Peter Burton and Fred Whyte of STIHL Inc., and Gregg Wartgow of Yard & Garden and greenindustrypros.com.
Since reaffirming its “servicing dealer only” distribution model roughly a decade ago, STIHL Inc. has doubled in size, amassed a network of 8,000-plus U.S. independent servicing dealers, and is now recognized as the largest-selling handheld OPE brand in America.*
Two of the key architects behind the servicing dealer-only business model in the U.S.—president Fred Whyte and vice president of sales and marketing Peter Burton—share some thoughts on how they’ve done it, and how they’ll continue doing it despite the fact that the economic outlook is filled with uncertainty, population growth is slowing, consumer buying habits are changing, and the total number of available dealers continues to shrink.
Q: In the 2000-2002 timeframe, when many of the other big names in the outdoor power equipment industry had concluded that venues such as Home Depot and Lowe’s would be essential to capturing consumer sales, what gave STIHL the courage to do the opposite?

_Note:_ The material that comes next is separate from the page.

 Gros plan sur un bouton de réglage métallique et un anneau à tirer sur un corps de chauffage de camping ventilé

FW: Both Peter and I had been in the industry a long time. We saw what happened to some other companies, namely Homelite and McCulloch in the handheld segments. Combined, they probably had 80% of the chain saw market at one time. But when they went into the mass channel, they cheapened their product to accommodate a mass market. As a consequence, their entire brands were eroded. People thought they were buying the same high-quality product that existed years ago, but they weren’t.

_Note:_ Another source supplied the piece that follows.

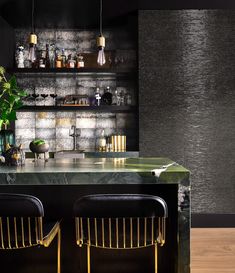 the bar has two stools and a green marble countertop with gold barstools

We recognized that fact and decided that STIHL couldn’t try to be all things to all people. We’ve been very successful in the dealer channel. Things maybe go a bit slower and a little more deliberately, but we’ve been successful. I can honestly say that we have never seriously considered going the way of the mass channel.
PB: You have to remember that this is not a new philosophy. All we’ve done for the past 10 years is to stay the course we set nearly 40 years ago. We were profitable and growing our position in the marketplace. We knew that if we could remain in the position we were in, maintaining credibility with dealers and helping them grow both professionally and personally, we had all the faith in the world that we could continue growing.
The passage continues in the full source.